It was in the place of the Roumayli that the gallant band of the Mameluke beys were assembled before they were entrapped and killed by the present task-master of Egypt, Mohammed Ali Pasha. They ascended a narrow passage between two high bastions, which led from the lower to the upper gate. The lower gate was shut after they had passed, and they were thus caught as in a trap. All of them were shot except one, who leaped his horse over the battlements and escaped. This man became afterwards a great ally of Mohammed Ali, and I have often seen him riding about on a fine horse caparisoned with red velvet in the old Mameluke style. On the wall in one part of this passage, towards the inner gate, there is a square tablet containing a bas-relief of a spread eagle: this is considered by the superstitious as the talisman of Cairo, and is said to give a warning cry when any calamity is about to happen to the city. Its origin, as well as most things of any antiquity in the citadel, is ascribed to Saladin (Yousef Sala Eddin), who is called here Yousef (Joseph); and Joseph's Well, and Joseph's Hall, are the two great lions of the place.

The well, which is of great depth, is remarkable from its having a broad winding staircase cut in the rock around the shaft: this extends only half way down, where two oxen are employed to draw water by a wheel and buckets from the bottom, which is here poured into a cistern, whence it is raised to the top by another wheel. It is supposed, however, that this well is an ancient work, and that it was only cleaned out by Saladin when he rebuilt the walls of the town and fortified the citadel.

The hall, which was a very fine room, divided into aisles by magnificent antique columns of red granite, has unfortunately been pulled down by Mohammed Ali. He did this to make way for the mosque which he has built of Egyptian alabaster, a splendid material, but its barbarous Armenian architecture offers a sad contrast to the stately edifice which has been so ruthlessly destroyed. It is indeed a sad thing for Cairo that the flimsy architecture of Constantinople, so utterly unsuited to this climate, has been introduced of late years in the public buildings and the palaces of the ministers, which lift up their bald and miserable whitewashed walls above the beautiful Arabian works of earlier days.

The residence of the Pasha is within the walls of the citadel.
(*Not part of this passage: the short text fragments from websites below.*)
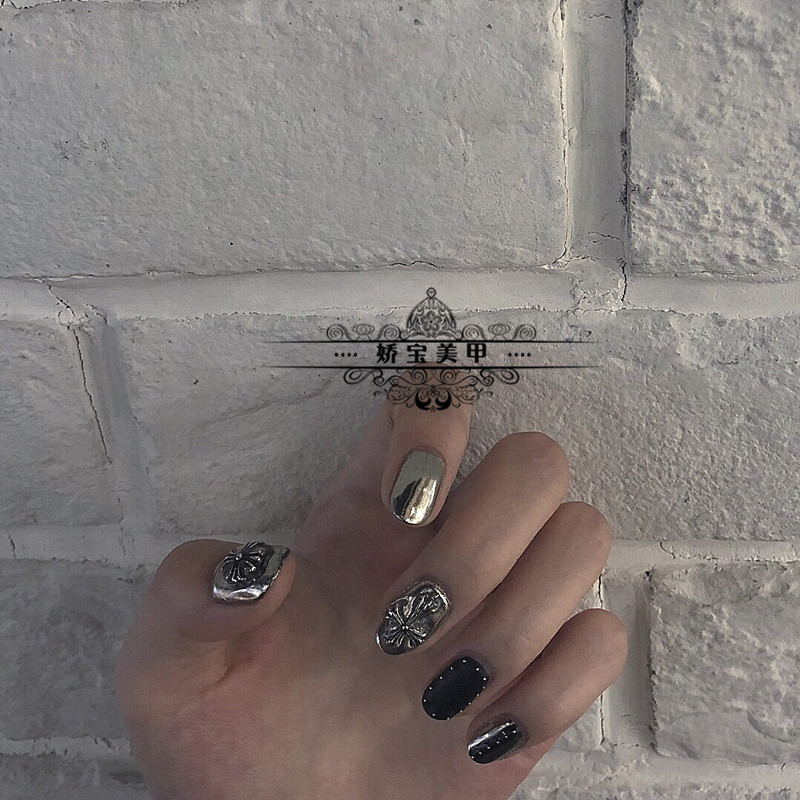 包邮娇宝日系镜面黑光疗手工新娘假指甲穿戴成品美甲贴片短款孕妇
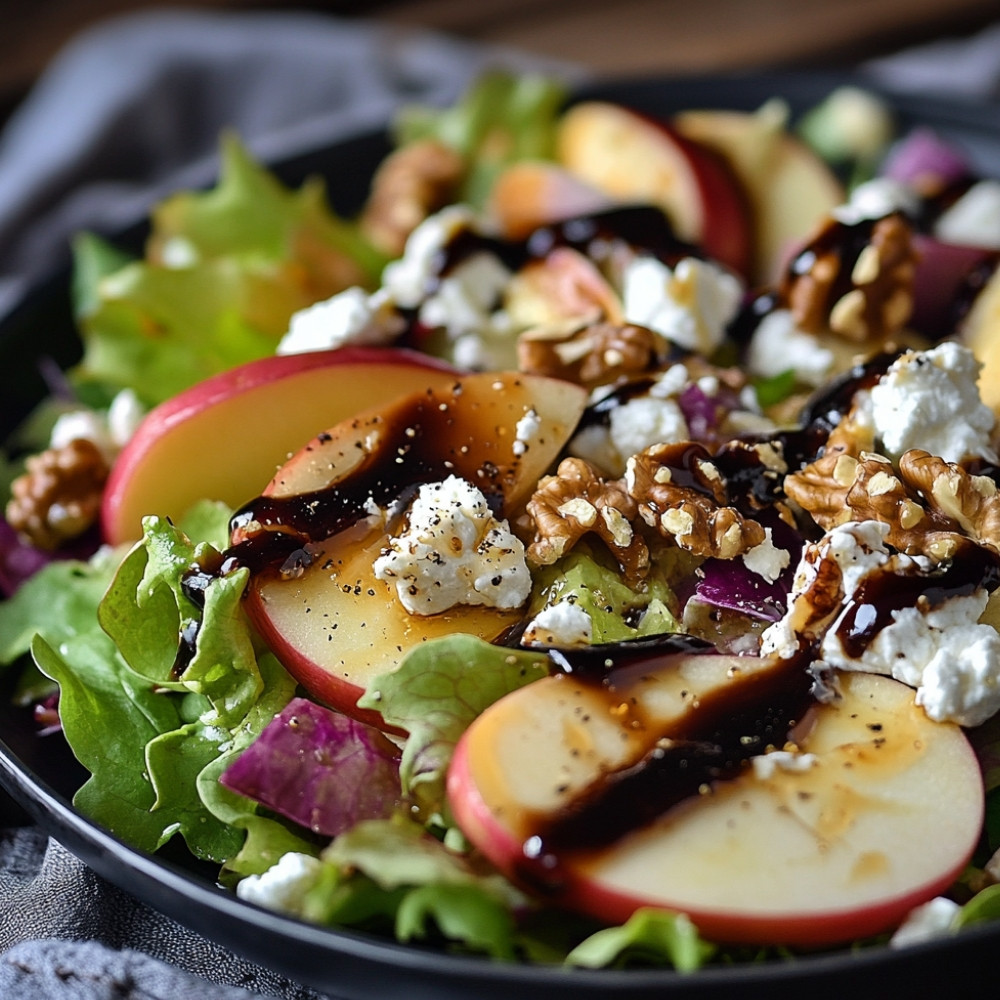 Salada de Outono com Vinagrete Cremoso de Bordo e Balsâmico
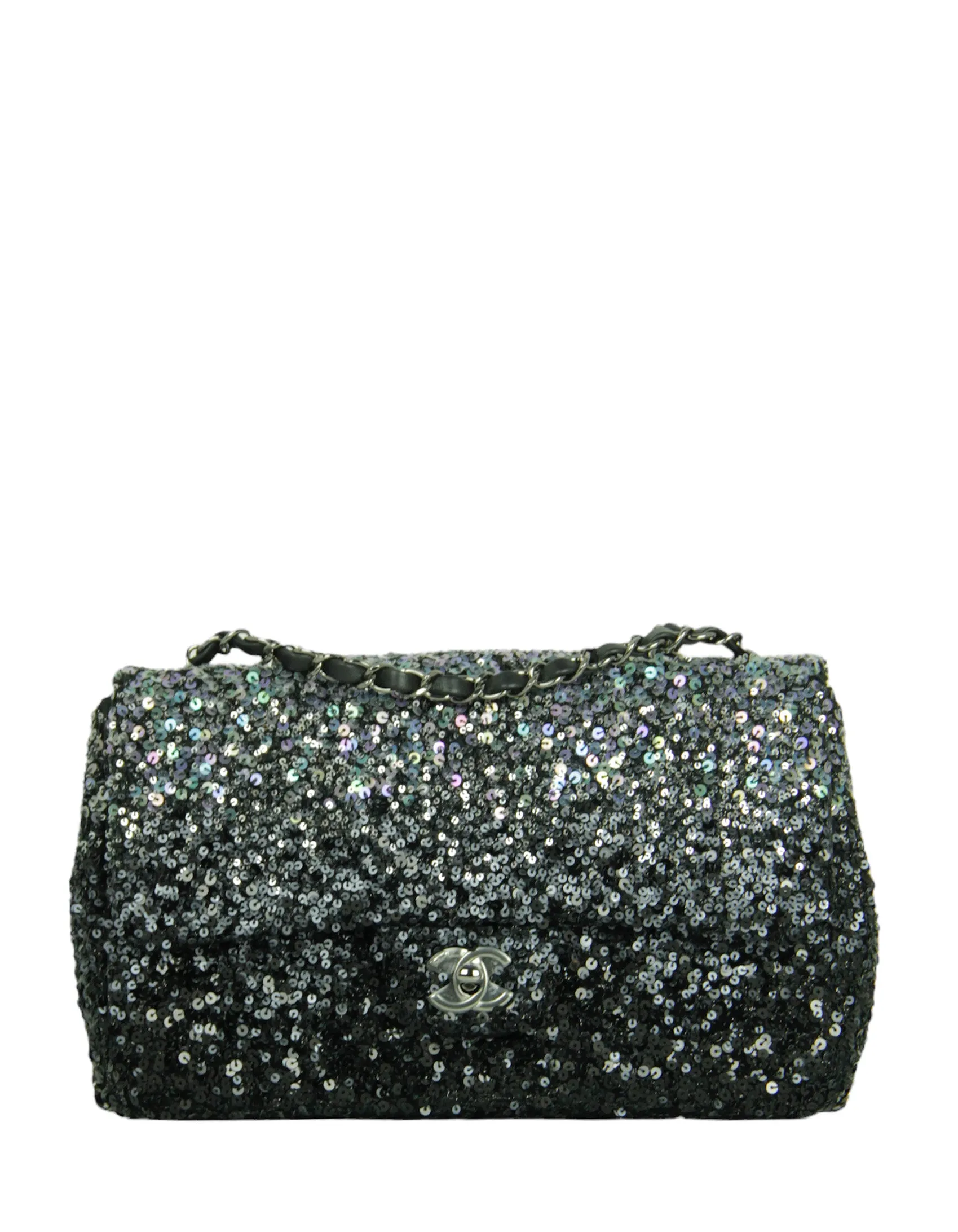Chanel Black/Silver Ombre Sequin Medium Classic Flap Bag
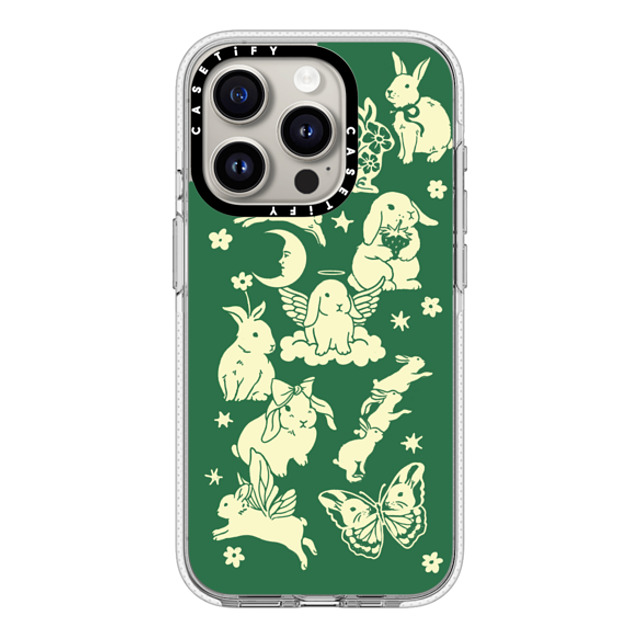 Kira Cyan x CASETiFY iPhone 15 Pro ケース クリア クリア ケース MagSafe対応 Spring Bunnies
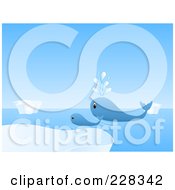 Poster, Art Print Of Whale And Calf Swimming Near Icebergs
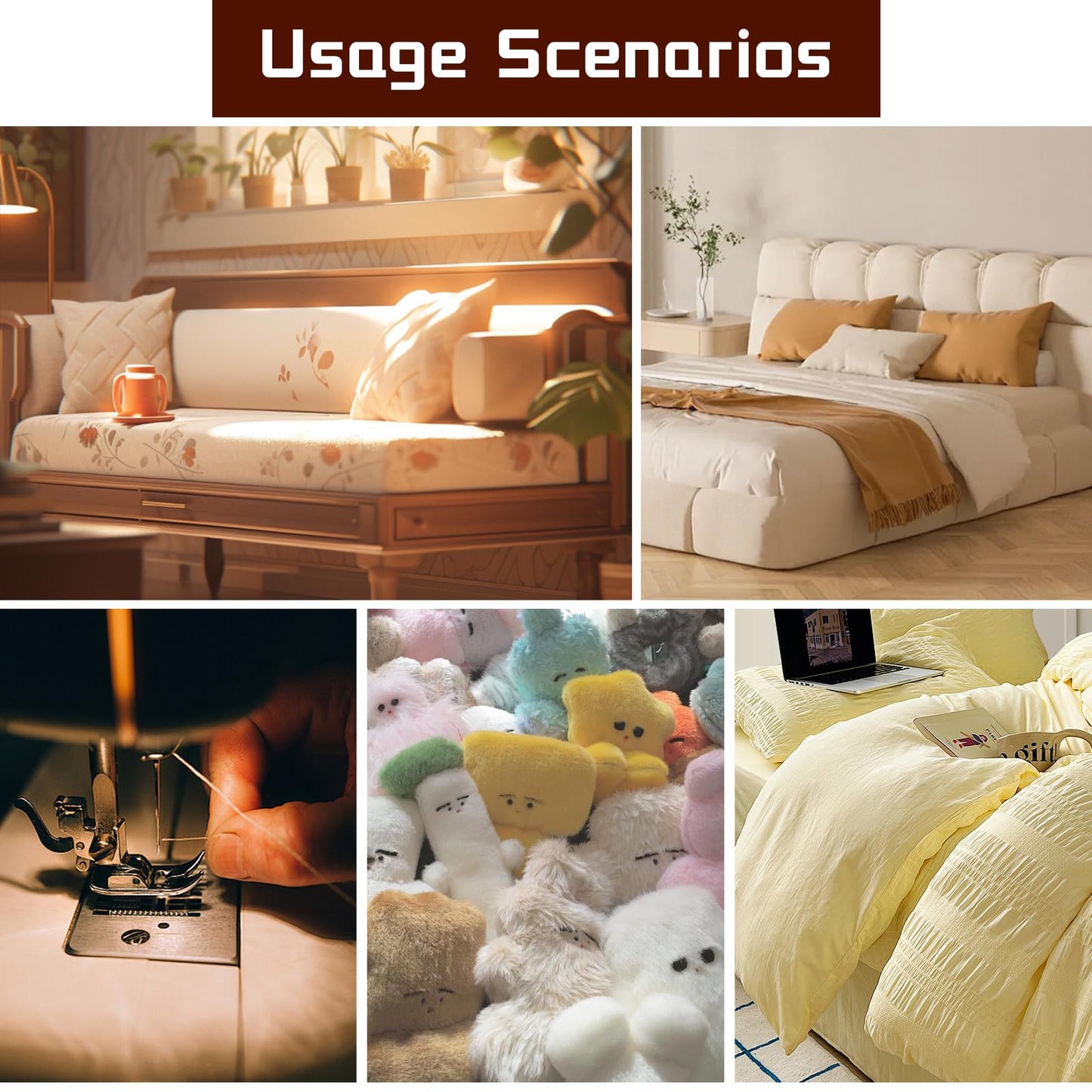 Upholstery Quilt Batting, 60 Inch x 60 Inch Polyester Batting Multipurpose Wadding Fabric Fiber Stuffing for Cushion Pillows, Bedspreads, Padding, Interior Decoration Stuffing - Crafts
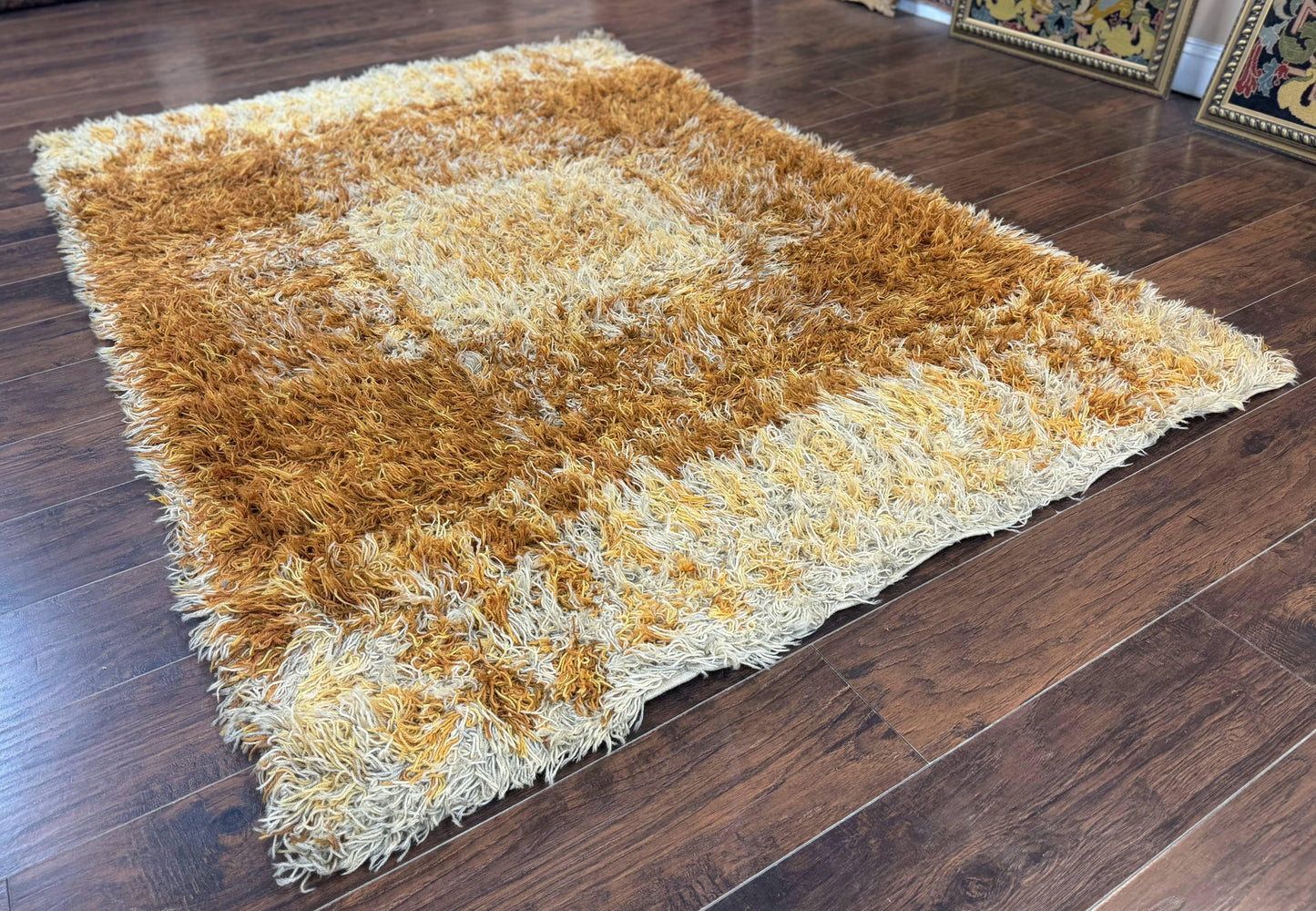 Vintage Rya Shag Rug 5.5 x 7.7 Feet Wool Area Rug for Living Room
The long range of the windows of the harem from their lofty position overlook great part of the city, which must render it a more cheerful residence for the ladies than harems usually are. When a number of Eastern women are congregated together, as is frequently the case, without the society of the other sex, it is surprising how helpless they become, and how neglectful of everything excepting their own persons and their food. Eating and dressing are their sole pursuits. If there be a garden attached to the harem they take no trouble about it, and at Constantinople the ladies of the Sultan tread on the flower-beds and destroy the garden as a flock of sheep would do if let loose in it. A Turkish lady is the wild variety of the species. Many of them are beautiful and graceful, but they do not appear to abound in intellectual charms. Until the minds of the women are enlarged by better education, any chance of amelioration among the people of the Levant is hopeless: for it is in the nursery that the seeds of superstition, prejudice, and unreason are sown, the effects of which cling for life to the minds even of superior men.